Karel Čapek : R.U.R., traduit du tchèque par Jean Rubes et alii,
Editions de l’Aube, 1997, 288 p, 149 F.
Karel Čapek : La Fabrique d’absolu,
traduit du tchèque par Jean Banes, Ibolya Virag, 1998, 224 p, 15 €.
Karel Čapek : La Guerre des salamandres,
traduit du tchèque par Claudia Ancelot, La Baconnière, 2012, 320 p, 18 €.
Les mots sont des inventions, qui parfois, comme les robots, échappent à leur créateur. L’on ignore trop souvent que l’écrivain tchèque Karel Čapek (1890-1938) inventa en 1920 le mot « robot », dans une pièce intitulée R.U.R. un acronyme de Rossum's Universal Robots, selon le sous-titre en anglais, et en tchèque Rossumovi Univerzální Roboti. Quoique ce soit son frère qui l’ait imaginé, depuis « rob » signifiant esclave, c’est indubitablement le dramaturge et écrivain qui est à l’origine de sa fortune universelle. Il ne s’agit cependant pas là du seul prodige de la science-fiction créée par un Karel Čapek qui n’eut pas besoin d’aller chercher ses extraterrestres au-delà de la terre, car il sut se renouveler avec de mémorables romans, comme La Guerre des salamandres et La Fabrique d’absolu, romans vigoureusement dystopiques et antitotalitaires.
Aussi curieux que cela puisse paraître, cette œuvre iconique de la science-fiction est une pièce de théâtre, genre qui n’en est guère coutumier : il s’agit d’un « drame collectif en un prologue de comédie en trois actes ». Dans un futur imprécisé et sur une île - « patrie même de l’utopie[1] » selon Georges Gusdorf - Harry Domin (au nom programmatique) est directeur d’une usine de fabrication de robots R.U.R. qui en a déjà fabriqué plus de trois-cent mille. Car « un robot a exactement la productivité de deux ouvriers et demi ». C’est ainsi qu’il fait visiter en partie son usine à la jeune et belle Hélène, fille du président Glory et « représentante de la Ligue de l’Humanité ».

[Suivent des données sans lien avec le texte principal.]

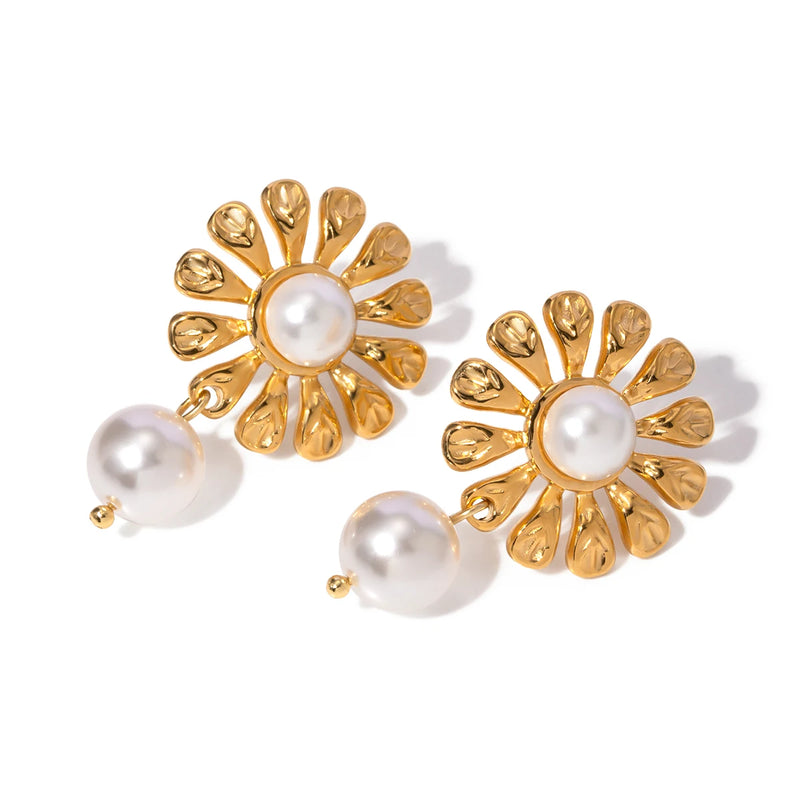 18k gold plated sunflower pearl earrings, view 8 - MRSLM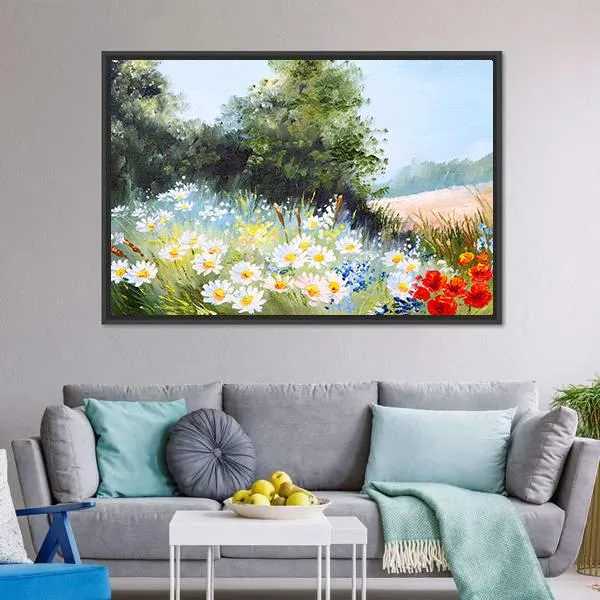 Meadow Of Daisies Canvas Wall Art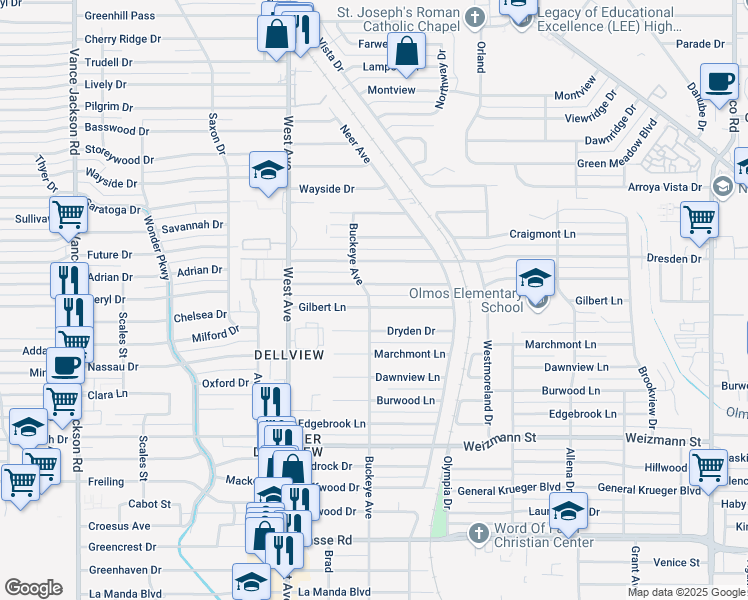 map of restaurants, bars, coffee shops, grocery stores, and more near in San Antonio
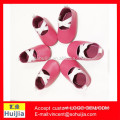 Dubai wholesale market rose color cow leather baby moccasins ballet dance Shoes with cross elastic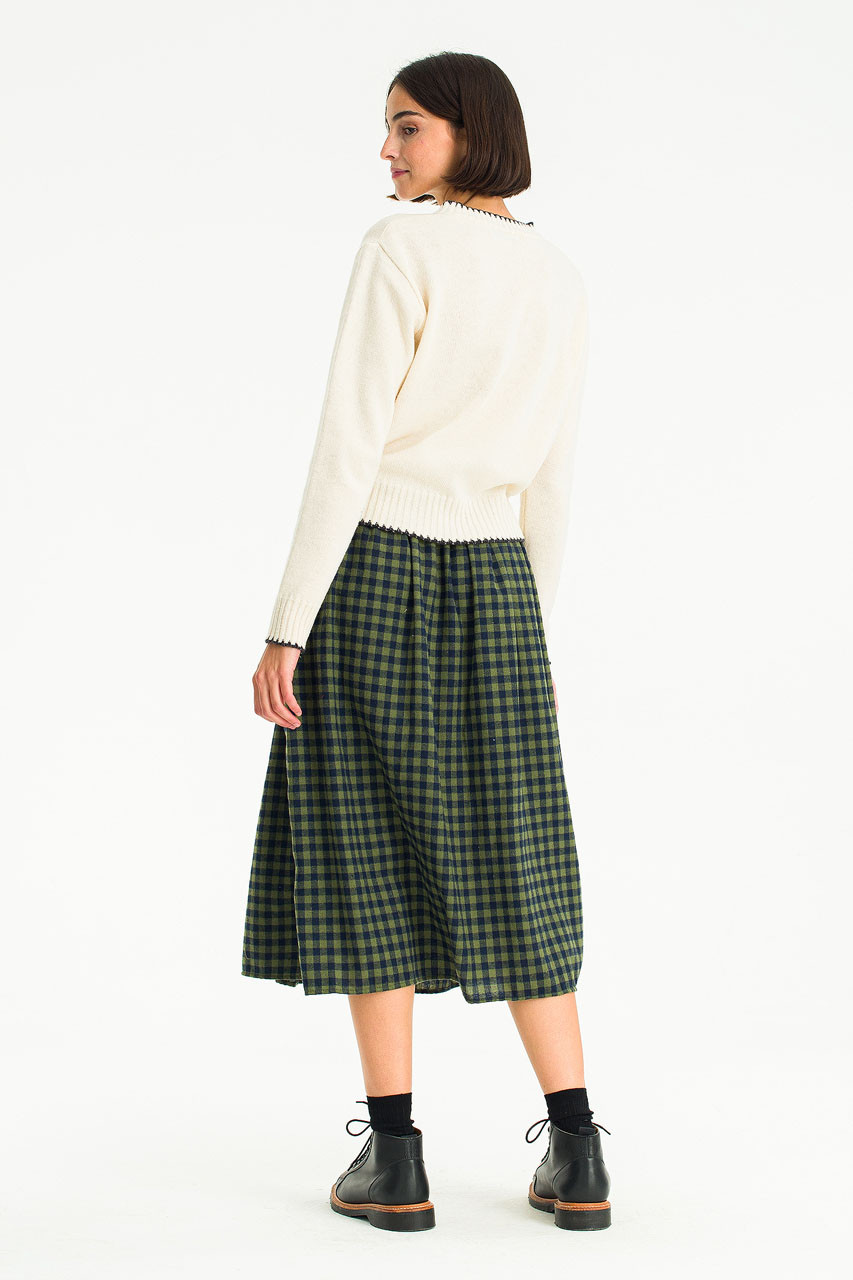 Tessa Gingham Skirt, Green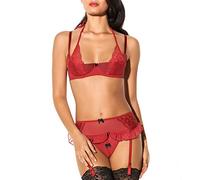 Kiss Me SET 'sfacciato Girl' Soutien-Gorge 1/4, Porte-giarrettiera & G-string en Tulle Rouge vita M
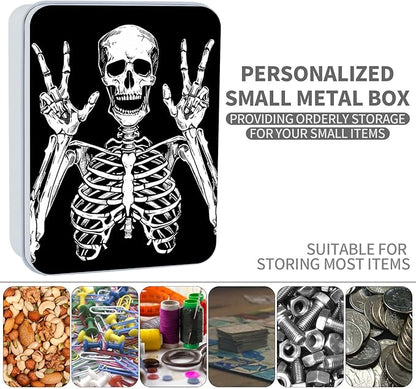 Metal Tin Box Sturdy Metal Storage Box with Lid, Large Container Holder for TCG Cards,Car Keys,Cookies,Tin Containers for Gift,5.0x3.7x1.6 Inch,Exquisite Pattern Design(Funny Skull)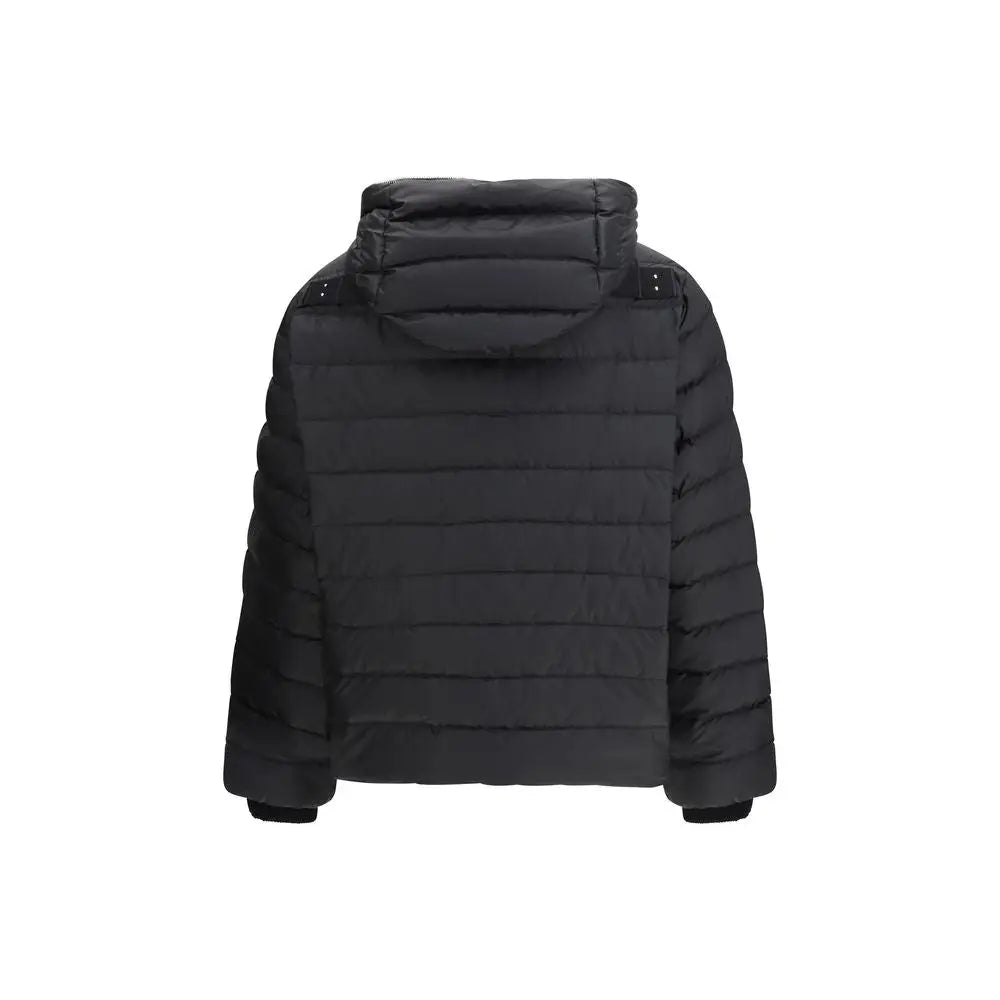 Sort Moncler x Rick Owens sort polyester jakke med kapuce
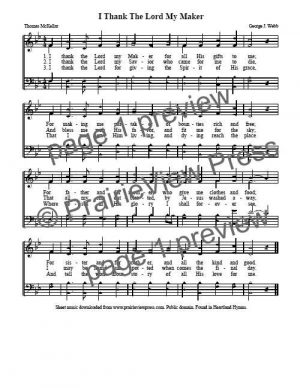 Song: I Thank The Lord My Maker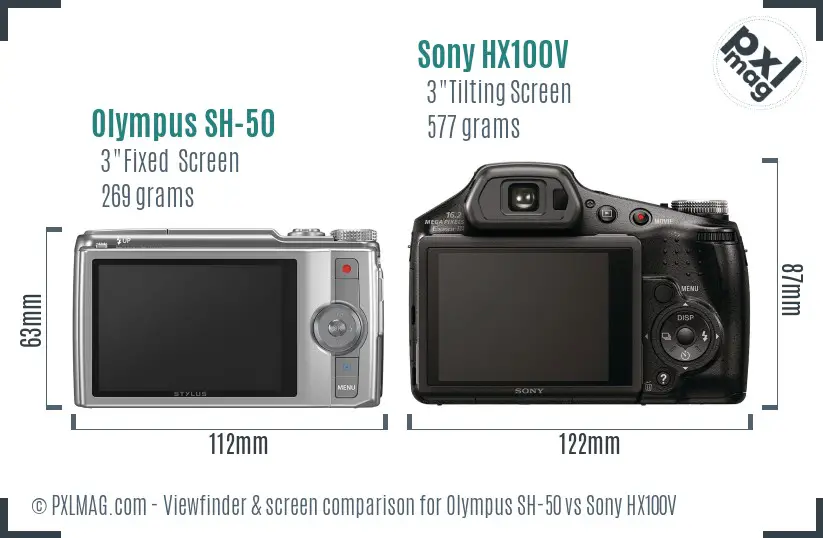 Olympus SH-50 vs Sony HX100V Screen and Viewfinder comparison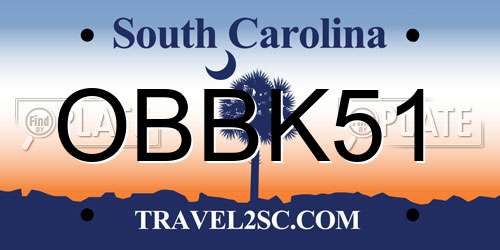 OBBK51 South Carolina License Plate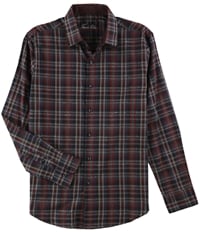 Tasso Elba Mens Plaid Button Up Shirt, TW15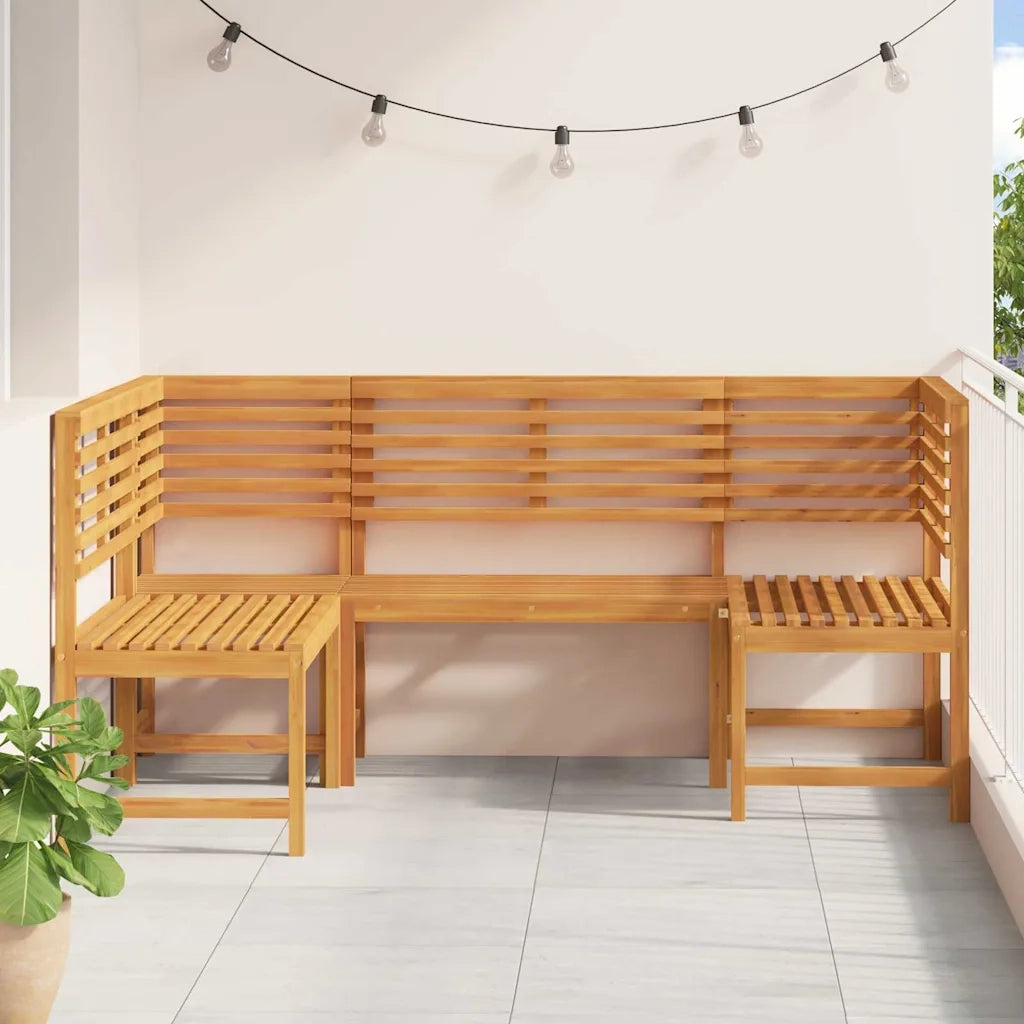 Set Panchina da Giardino 3 pcs Marrone Legno di Acacia Massello 3328691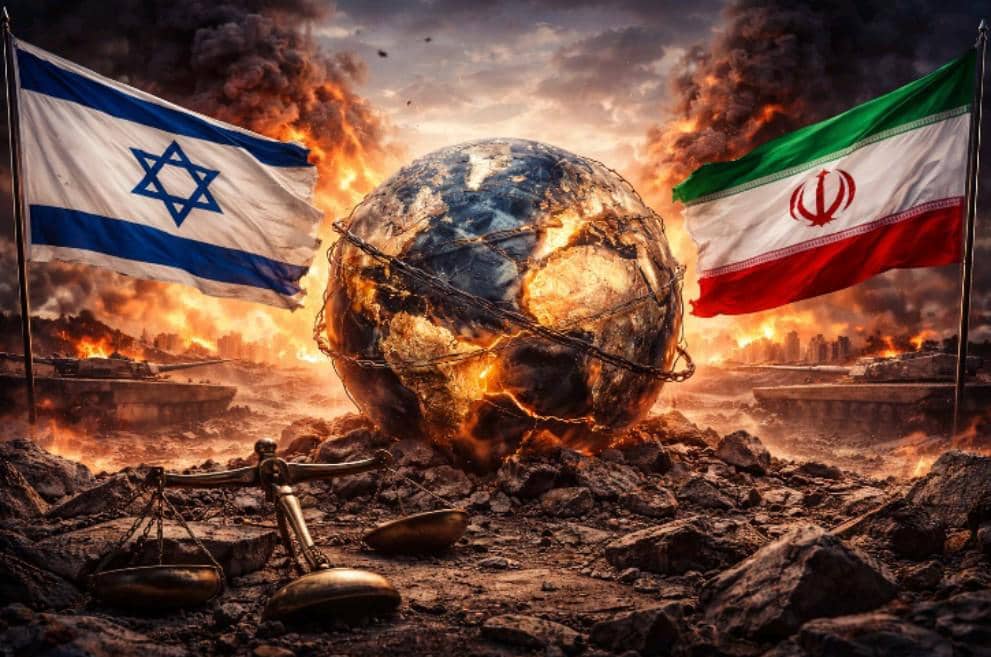 Ilustrasi digital yang menampilkan bendera Israel dan Iran di tengah medan perang, dengan bola dunia yang retak dan terbakar di bagian tengah, serta timbangan keadilan yang terjatuh di latar depan.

Aujourd'hui l’on parlerait d'androïdes, voire de clones. Ces machines biologiques présentent une apparence humaine parfaite. Cependant les robots « ont une étonnante intelligence rationnelle mais ils n’ont pas d’âme », donc sont dénuées de sensibilité et de sentiments. Aussi Hélène, révoltée, aimerait qu’ils puissent être « plus heureux ». Alors qu’elle vient avec le projet de les libérer, conquise par ce monde et les ingénieurs qui la courtisent, elle reste dix ans. Pendant lesquels la révolte des ouvriers contre les robots a été matée par ces derniers. Mais il se pourrait qu’après une décennie de bons et loyaux services, la conscience de leur esclavage les conduise à leur tour à la révolte : « l’organisation universelle des robots » déclare « l’homme ennemi numéro un ». Même Harry Domin doit tirer la morale de son entreprise : « Si tu transformes des pierres en hommes, demain nous serons lapidés », comme par allusion au mythe de Deucalion qui changea les pierres en hommes.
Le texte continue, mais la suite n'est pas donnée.